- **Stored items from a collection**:
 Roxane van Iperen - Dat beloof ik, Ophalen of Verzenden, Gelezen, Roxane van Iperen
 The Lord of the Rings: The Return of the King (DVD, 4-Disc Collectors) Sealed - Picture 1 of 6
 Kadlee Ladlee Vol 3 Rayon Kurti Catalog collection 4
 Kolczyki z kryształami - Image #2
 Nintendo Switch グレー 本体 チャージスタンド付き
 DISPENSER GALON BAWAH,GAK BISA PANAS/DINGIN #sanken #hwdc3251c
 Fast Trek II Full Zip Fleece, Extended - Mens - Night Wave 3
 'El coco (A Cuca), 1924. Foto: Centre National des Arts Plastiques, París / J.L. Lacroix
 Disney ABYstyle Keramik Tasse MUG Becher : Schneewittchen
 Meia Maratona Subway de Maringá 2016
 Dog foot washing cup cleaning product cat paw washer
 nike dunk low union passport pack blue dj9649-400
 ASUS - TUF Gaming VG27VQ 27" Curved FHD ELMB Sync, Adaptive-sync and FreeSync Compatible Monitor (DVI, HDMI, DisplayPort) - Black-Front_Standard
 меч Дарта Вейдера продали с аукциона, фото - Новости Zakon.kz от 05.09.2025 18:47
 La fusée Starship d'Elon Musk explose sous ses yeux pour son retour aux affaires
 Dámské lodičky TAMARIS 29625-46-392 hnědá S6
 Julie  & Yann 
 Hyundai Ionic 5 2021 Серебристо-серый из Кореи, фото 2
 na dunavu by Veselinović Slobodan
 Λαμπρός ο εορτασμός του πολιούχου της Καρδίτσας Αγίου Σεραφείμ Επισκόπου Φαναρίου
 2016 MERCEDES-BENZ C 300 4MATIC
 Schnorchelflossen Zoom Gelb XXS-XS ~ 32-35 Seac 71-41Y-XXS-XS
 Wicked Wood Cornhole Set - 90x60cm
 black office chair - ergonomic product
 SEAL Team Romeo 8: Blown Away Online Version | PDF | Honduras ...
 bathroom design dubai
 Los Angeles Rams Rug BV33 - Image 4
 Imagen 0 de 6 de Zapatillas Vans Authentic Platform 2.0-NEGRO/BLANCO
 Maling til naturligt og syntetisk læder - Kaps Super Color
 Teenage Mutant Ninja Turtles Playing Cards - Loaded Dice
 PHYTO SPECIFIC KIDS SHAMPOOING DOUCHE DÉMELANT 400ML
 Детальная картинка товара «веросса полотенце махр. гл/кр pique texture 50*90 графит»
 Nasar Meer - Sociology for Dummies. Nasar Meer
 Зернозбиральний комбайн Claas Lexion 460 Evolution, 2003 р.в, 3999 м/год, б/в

- **Exercise objective**: Each line above where the word "фото" occurs should be returned in full.

- **Task response**:
 меч Дарта Вейдера продали с аукциона, фото - Новости Zakon.kz от 05.09.2025 18:47
 Hyundai Ionic 5 2021 Серебристо-серый из Кореи, фото 2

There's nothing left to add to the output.